In Anthropic's framing, the MCP client presents each server as a set of code modules on a filesystem — TypeScript files the model can import. The model explores ./servers/, reads only the tool files it needs, and writes code that imports and composes them. The code runs in a sandbox. Loops, filters, and joins happen there, in the execution environment, not in the context window. Only the final result comes back to the model.
The number Anthropic put on it is the one everyone quotes, and it's worth quoting accurately: one workflow that consumed roughly 150,000 tokens dropped to about 2,000 — a 98.7% reduction. Simon Willison, walking through the post, landed on the same framing: this is progressive disclosure for tools, the catalog living in code rather than in the prompt.
Cloudflare shipped the same idea under a blunter name — Code Mode — with a sharper justification: models are already trained on enormous corpora of code, and comparatively little on whatever bespoke tool-call format you invented this quarter. So let them do the thing they're good at. Cloudflare reports cutting token usage by up to 81% in general use, and roughly 99.9% across its full surface of more than 2,500 API endpoints, by converting them into a typed SDK the agent writes against.
The model was never bad at using tools. It was bad at using tools the way we made it — one definition at a time, one result at a time.
The data-privacy bonus is real and underrated: when records flow from one server to another inside the sandbox, the names and emails and phone numbers never pass through the model at all. You can't accidentally log what the model never saw.
The bill doesn't vanish. It moves.
Here is the part the token-reduction headlines skip. Code execution doesn't make the problem disappear. It relocates it — out of the model and into your infrastructure.
You are now running code a language model wrote, which is to say untrusted code, which is to say you need a real sandbox: resource limits, network egress control, monitoring, isolation that holds when the generated code does something stupid or hostile. Anthropic says this plainly — the benefits should be weighed against the operational overhead and security considerations that direct tool calls simply avoid. A trade, not a free lunch.
This is the non-obvious turn. We swapped a model problem — context bloat, tool-selection accuracy — for an infrastructure problem. And infrastructure problems are someone's pager. The reason Cloudflare's version is interesting isn't the token math; it's that they had the sandbox already. Their Dynamic Workers run each agent's code in a V8 isolate that starts in milliseconds instead of a container that takes seconds — now in open beta — and use bindings that inject credentials on the way out, so the agent's code never sees an API key. The agent gets an authorized client; the secrets stay with the supervisor.

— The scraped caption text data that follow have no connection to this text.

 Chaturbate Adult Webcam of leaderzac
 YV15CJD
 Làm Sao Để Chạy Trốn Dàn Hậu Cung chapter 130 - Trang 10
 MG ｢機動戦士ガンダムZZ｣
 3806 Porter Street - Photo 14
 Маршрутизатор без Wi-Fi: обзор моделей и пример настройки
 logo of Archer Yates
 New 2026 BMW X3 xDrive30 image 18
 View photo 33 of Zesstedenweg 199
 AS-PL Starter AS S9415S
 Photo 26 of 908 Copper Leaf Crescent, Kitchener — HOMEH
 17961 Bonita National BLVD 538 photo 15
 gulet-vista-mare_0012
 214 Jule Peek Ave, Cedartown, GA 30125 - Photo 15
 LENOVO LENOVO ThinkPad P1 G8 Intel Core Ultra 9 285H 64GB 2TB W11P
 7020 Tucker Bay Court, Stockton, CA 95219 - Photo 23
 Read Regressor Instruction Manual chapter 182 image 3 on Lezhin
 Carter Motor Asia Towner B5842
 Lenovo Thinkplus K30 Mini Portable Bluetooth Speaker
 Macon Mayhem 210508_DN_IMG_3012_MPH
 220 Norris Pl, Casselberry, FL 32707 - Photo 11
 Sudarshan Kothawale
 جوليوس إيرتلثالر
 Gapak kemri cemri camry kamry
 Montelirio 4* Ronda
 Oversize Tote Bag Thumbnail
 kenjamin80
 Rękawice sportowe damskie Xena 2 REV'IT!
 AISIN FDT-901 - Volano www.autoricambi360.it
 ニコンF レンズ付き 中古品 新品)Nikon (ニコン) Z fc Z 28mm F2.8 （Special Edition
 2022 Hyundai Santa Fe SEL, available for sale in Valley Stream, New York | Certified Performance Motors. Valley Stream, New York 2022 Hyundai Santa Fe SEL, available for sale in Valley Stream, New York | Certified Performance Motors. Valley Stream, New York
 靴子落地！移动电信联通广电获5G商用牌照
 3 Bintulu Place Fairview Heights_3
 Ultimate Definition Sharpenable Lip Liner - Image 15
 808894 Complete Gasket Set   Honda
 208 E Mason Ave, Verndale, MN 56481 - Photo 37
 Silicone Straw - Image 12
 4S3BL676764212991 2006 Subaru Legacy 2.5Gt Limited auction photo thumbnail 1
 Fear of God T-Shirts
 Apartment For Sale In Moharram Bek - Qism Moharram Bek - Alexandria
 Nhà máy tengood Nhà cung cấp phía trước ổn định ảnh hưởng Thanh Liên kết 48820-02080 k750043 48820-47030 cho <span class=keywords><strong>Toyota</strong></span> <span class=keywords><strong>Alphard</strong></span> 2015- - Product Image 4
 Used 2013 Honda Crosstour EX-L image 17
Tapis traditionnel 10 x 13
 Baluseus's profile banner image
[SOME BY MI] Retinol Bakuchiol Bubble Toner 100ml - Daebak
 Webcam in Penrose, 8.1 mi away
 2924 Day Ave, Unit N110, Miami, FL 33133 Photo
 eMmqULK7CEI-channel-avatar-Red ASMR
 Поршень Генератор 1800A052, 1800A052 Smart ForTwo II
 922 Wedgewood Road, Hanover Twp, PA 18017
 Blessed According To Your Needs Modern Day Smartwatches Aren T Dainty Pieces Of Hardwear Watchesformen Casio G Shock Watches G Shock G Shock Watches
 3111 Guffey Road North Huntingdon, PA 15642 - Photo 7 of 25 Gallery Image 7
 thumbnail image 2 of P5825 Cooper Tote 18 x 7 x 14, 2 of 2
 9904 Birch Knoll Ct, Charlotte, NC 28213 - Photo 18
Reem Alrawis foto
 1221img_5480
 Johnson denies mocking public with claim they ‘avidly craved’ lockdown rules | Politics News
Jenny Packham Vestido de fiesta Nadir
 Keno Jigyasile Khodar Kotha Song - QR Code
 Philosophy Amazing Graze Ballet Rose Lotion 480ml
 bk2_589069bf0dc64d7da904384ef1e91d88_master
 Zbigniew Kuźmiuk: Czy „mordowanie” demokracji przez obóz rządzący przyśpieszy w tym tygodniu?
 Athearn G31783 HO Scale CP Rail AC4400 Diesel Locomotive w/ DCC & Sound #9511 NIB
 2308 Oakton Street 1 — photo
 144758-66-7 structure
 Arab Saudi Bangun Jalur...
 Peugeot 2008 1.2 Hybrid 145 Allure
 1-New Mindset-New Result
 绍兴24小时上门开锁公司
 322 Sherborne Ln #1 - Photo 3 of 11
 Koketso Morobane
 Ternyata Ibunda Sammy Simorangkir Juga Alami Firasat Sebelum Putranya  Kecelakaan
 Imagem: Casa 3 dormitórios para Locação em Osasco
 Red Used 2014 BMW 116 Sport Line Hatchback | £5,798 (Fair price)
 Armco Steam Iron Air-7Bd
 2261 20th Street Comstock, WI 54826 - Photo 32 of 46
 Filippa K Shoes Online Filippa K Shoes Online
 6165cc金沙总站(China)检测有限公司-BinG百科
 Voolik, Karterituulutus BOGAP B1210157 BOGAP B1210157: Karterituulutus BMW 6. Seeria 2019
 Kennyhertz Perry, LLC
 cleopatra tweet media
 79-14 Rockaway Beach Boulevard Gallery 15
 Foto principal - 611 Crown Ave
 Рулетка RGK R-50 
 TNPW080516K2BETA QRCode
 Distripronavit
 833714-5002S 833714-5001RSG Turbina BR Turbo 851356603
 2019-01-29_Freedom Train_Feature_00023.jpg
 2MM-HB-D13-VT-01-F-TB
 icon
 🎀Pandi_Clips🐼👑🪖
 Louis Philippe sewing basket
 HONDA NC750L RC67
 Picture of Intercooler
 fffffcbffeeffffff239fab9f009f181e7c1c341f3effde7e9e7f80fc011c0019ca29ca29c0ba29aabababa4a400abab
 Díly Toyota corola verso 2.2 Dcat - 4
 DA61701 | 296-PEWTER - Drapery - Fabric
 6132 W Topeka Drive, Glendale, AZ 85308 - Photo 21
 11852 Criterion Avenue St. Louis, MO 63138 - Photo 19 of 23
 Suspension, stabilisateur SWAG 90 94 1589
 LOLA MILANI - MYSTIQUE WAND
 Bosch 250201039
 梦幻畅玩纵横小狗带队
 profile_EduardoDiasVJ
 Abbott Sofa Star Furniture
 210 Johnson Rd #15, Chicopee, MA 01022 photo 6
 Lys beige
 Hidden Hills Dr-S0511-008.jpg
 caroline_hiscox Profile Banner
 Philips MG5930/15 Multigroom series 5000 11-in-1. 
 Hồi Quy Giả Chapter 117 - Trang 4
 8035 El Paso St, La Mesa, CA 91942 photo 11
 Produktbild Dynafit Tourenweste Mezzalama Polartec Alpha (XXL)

That detail is the whole ballgame. If your sandbox is just a container with network access, you have not built a sandbox — a point worth sitting with, because your container is probably not the boundary you think it is. And if you don't already operate one, code mode hands you a build-or-buy decision before you write a line of agent logic. The sandbox vendors exist precisely because this is the hard part now.
So which do you use
Direct tool calls are not dead, and pretending otherwise is the kind of overcorrection that gets you a sandbox you didn't need. For a handful of tools and single-step tasks, loading definitions and calling them directly is simpler, lower-latency, and carries no code-execution attack surface. The break-even arrives when the tool count climbs, the workflows go multi-step, or you find yourself piping fat intermediate results through the model just to filter them.
The honest read: MCP solved the wrong half of the problem first. It standardized how agents reach tools. Code execution is the industry quietly admitting that how the model uses them — one definition, one result, one turn at a time — was the part that didn't scale. The protocol was never the bottleneck. The sandbox is.